DATASET EXCERPT:
################

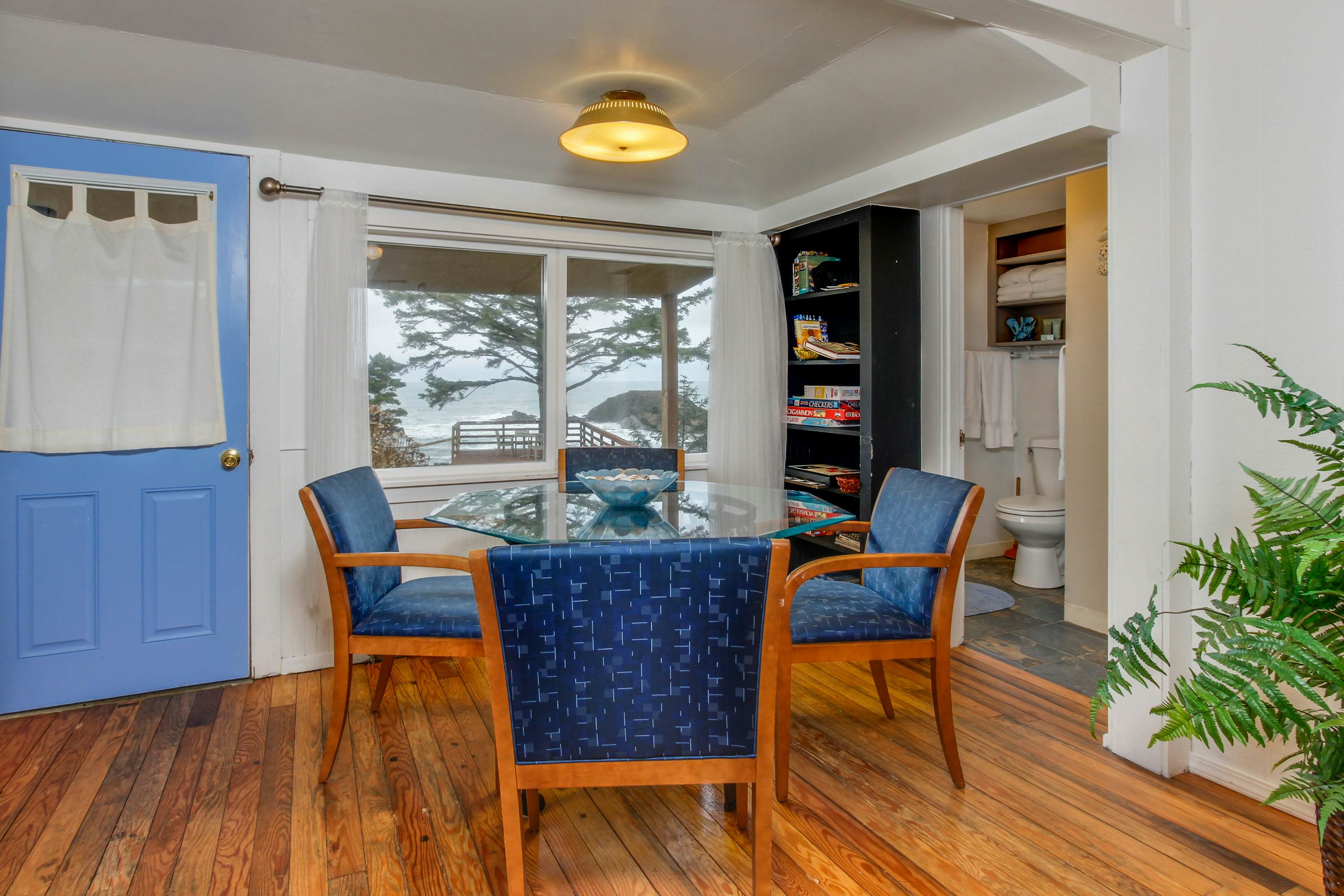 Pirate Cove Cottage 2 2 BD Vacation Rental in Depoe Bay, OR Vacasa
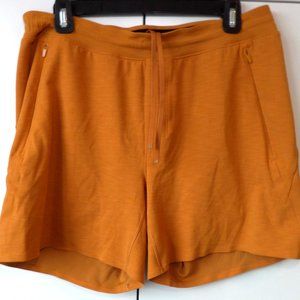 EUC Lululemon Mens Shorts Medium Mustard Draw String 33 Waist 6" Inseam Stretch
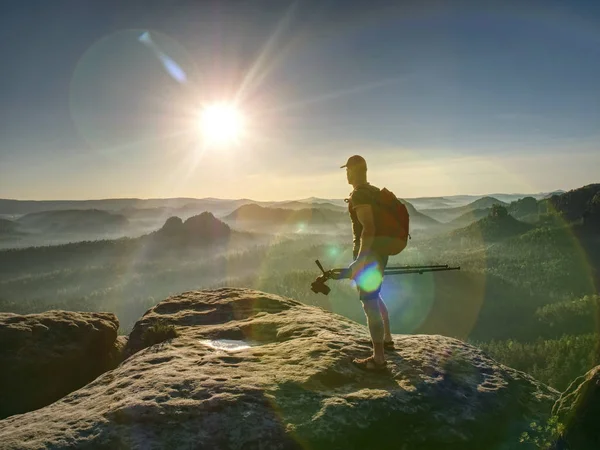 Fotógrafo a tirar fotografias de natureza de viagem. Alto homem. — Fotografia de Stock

################

EXERCISE DETAILS: Could you output the listing word for word, omitting every picture?

OUTPUT FOR THIS EXERCISE:
 Pirate Cove Cottage 2 2 BD Vacation Rental in Depoe Bay, OR Vacasa
 EUC Lululemon Mens Shorts Medium Mustard Draw String 33 Waist 6" Inseam Stretch
 Fotógrafo a tirar fotografias de natureza de viagem. Alto homem. — Fotografia de Stock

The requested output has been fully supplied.